The authors declare no competing interests.

Figures

**Fig. 1. Schematic illustration.**
Construction of D-A COFs composed by amine monomers and functionalized tereph-thalaldehydes for photocatalytic H₂ production. The TAPB, TAPT and TEA are abbreviations for 1,3,5-tris(4-aminophenyl)benzene, 1,3,5-tris(4-aminophenyl)triazine and triethylamine, respectively.

**Fig. 2. HOMO and LUMO energy level diagram for the two types of building blocks for constructing D-A pairs.**
The TAPT_c and TAPB_c represent the core part (without the amine group) of the amino-based monomers (TAPT and TAPB), and the Cl_c, H_c, OCCH_c, OH_c and OMe_c represent the core part (without the aldehyde group) of the terephthalaldehyde-based monomers.

**Fig. 3. Computed charge density difference between the ground and the excited states of the D-A pairs at an isovalue of 0.0005 a.u.**
(For each COF: Δρ is shown at the left side; centroids of charges are shown at the right side). The green and red represent increase and decrease in electron density, respectively. Quantitative charge-transfer analysis is based on the atomic dipole corrected Hirshfeld (ADCH) atomic charges. D_CT represents the distance between the bary-center of the density increment and depletion regions upon electronic excitation.

**Fig. 4. Calculated exciton binding energy and band alignment of D-A pairs.**
a Extrapolation results of fundamental gap (E_fund, red line) and optical gap (E_opt, green line) energies of D-A pairs. Inset: double arrows represent the exciton binding energy (E_b = E_fund − E_opt). b The calculated bandgap and band position of TAPB-OMe-COF (black), TAPT-Cl-COF (green), TAPT-H-COF (blue), TAPT-OCCH-COF (khaki), TAPT-OH-COF (purple) and TAPT-OMe-COF (red) relative to the vacuum level. The dashed lines are the redox potential of water at pH = 0.

**Fig. 5. Characterization and activity performance of D-A COFs.**
a Powder XRD patterns. b Photocurrent responses. c EIS Nyquist plots. d Photocatalytic H₂ production rate. TAPB-OMe-COF, TAPT-Cl-COF, TAPT-H-COF and TAPT-OMe-COF are represented by black, green, blue and red colours, respectively.

**Fig. 6. Activity performance and fluorescence spectra of D-A COFs after modification.**
a Photocatalytic H₂ production rate. b Powder XRD patterns after the photocatalytic H₂ production. c Recycling performance in photocatalytic H₂ production. d Steady-state fluorescence emission under excitation at 380 nm. The TAPB-OMe-COF, TAPT-OMe-COF, TAPB-OMe-alkyne-COF and TAPT-OMe-alkyne-COF are represented by black, green, blue and red colours, respectively.

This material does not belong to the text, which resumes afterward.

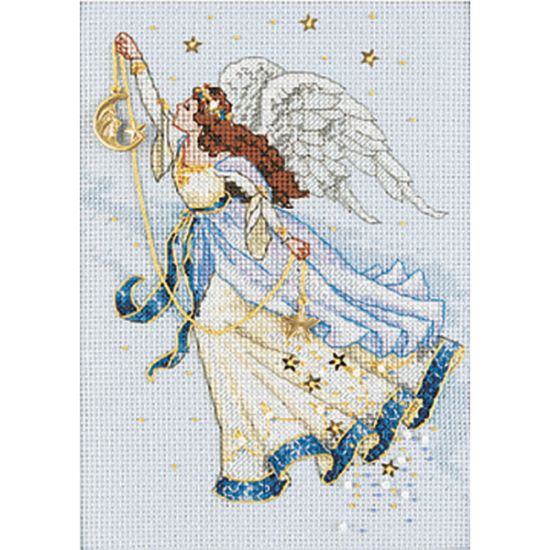 Picture of Gold Petite Twilight Angel Counted Cross Stitch Kit 5"X7" 16 Count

**Fig. 7. DFT calculations to clarify the reasons for boosting activity after modification.**
a Computed charge density difference between the ground and the excited states for TAPT-OMe-alkyne and TAPB-OMe-alkyne at an isovalue of 0.0005 a.u. (For each COF: Δρ is shown at the left side; centroids of charges are shown at the right side). The green and red represent increase and decrease in electron density, respectively. b Extrapolation results of fundamental gap (E_fund, red line) and optical gap (E_opt, green line) energies of TAPB-OMe and TAPT-OMe before and after the post-synthetic modification. Inset: double arrows represent the exciton binding energy (E_b = E_fund − E_opt).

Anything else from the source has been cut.